■ **What this task involves**
In the records below, the line with "A French Lop" and every line after it must be written out exactly; no pictures belong in the result.

Stored records:
#####
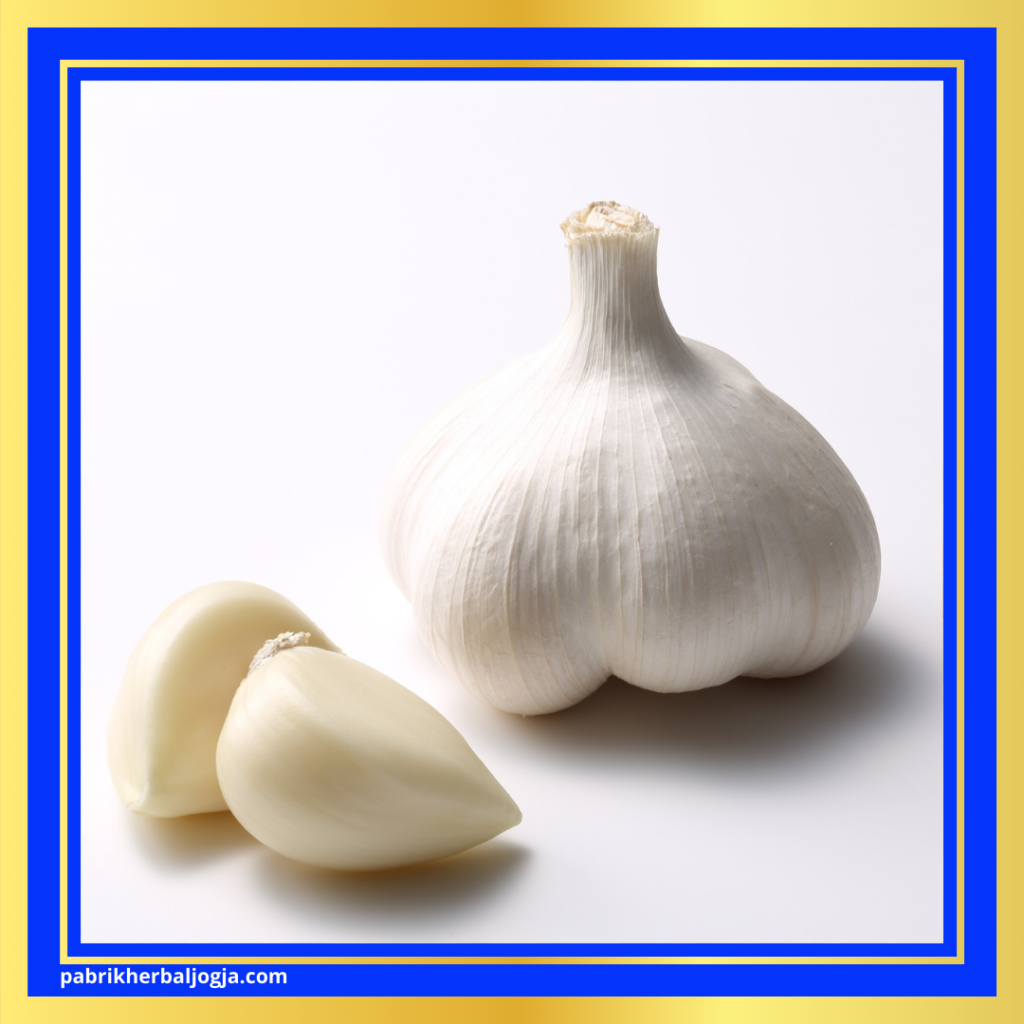 Herbal Kolesterol Tinggi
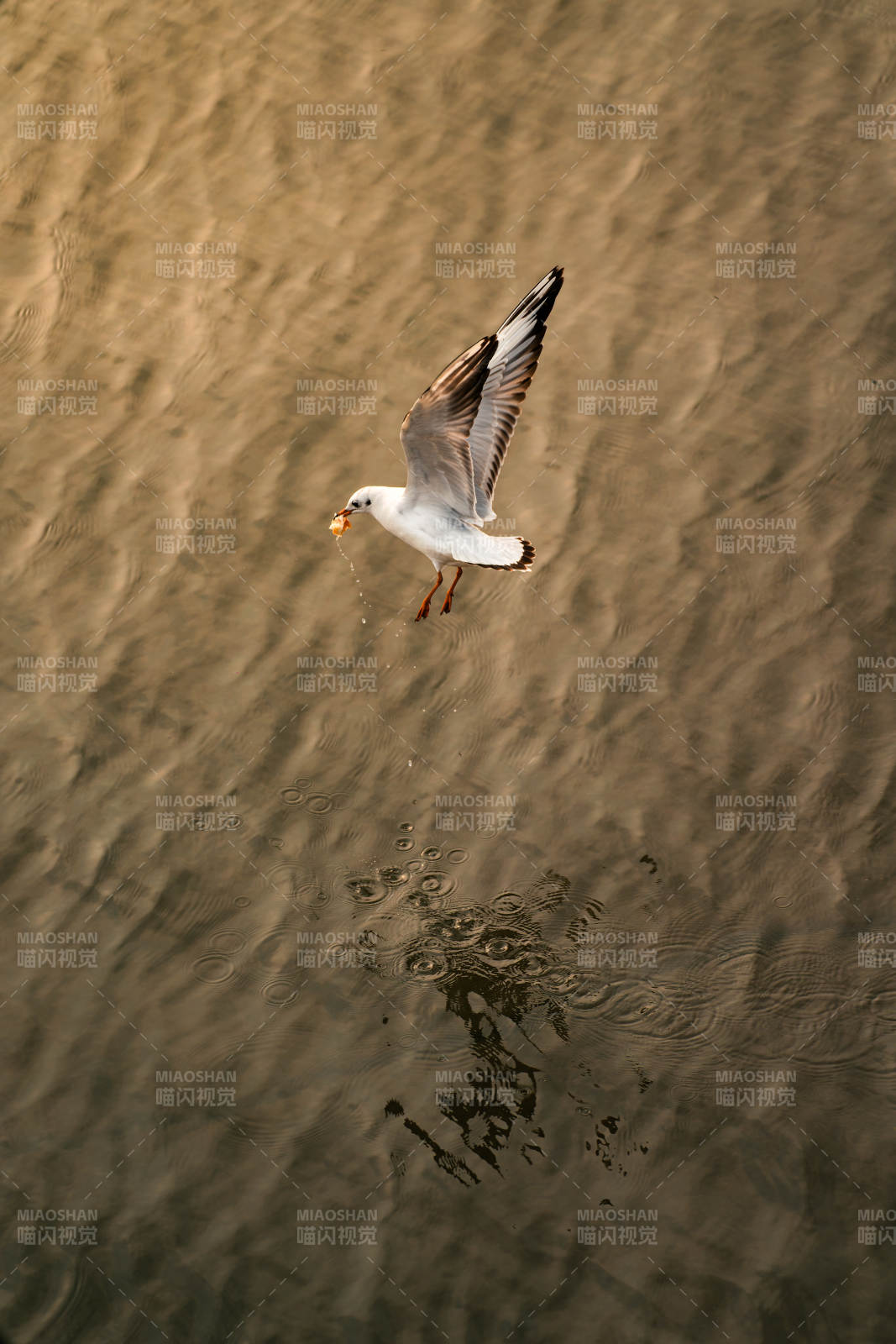 海鸥掠水觅食图片
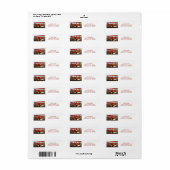  vliegtuig van Shirley Taylor Etiket (Full Sheet)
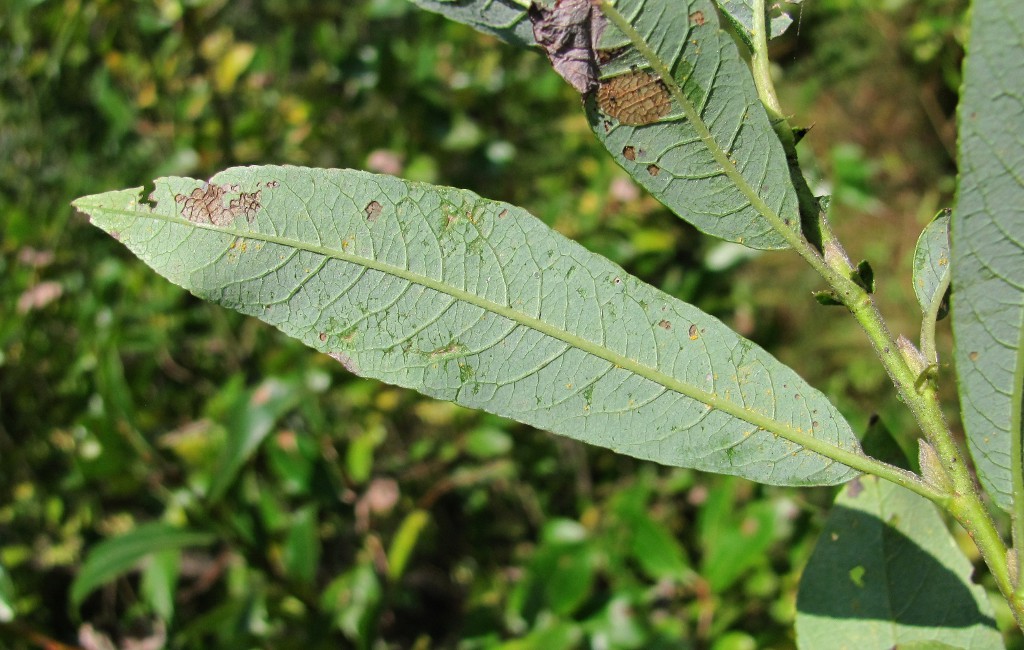 Image of genus Salix specimen.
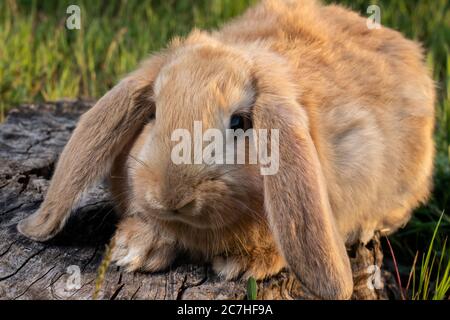 A French Lop rabbit sits on the green grass. Small, fluffy, brown home bunny with big ears. Stock Photo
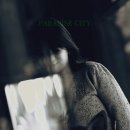 paradise city 이미지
#####
■ **Completed exercise**
 A French Lop rabbit sits on the green grass. Small, fluffy, brown home bunny with big ears. Stock Photo
 paradise city 이미지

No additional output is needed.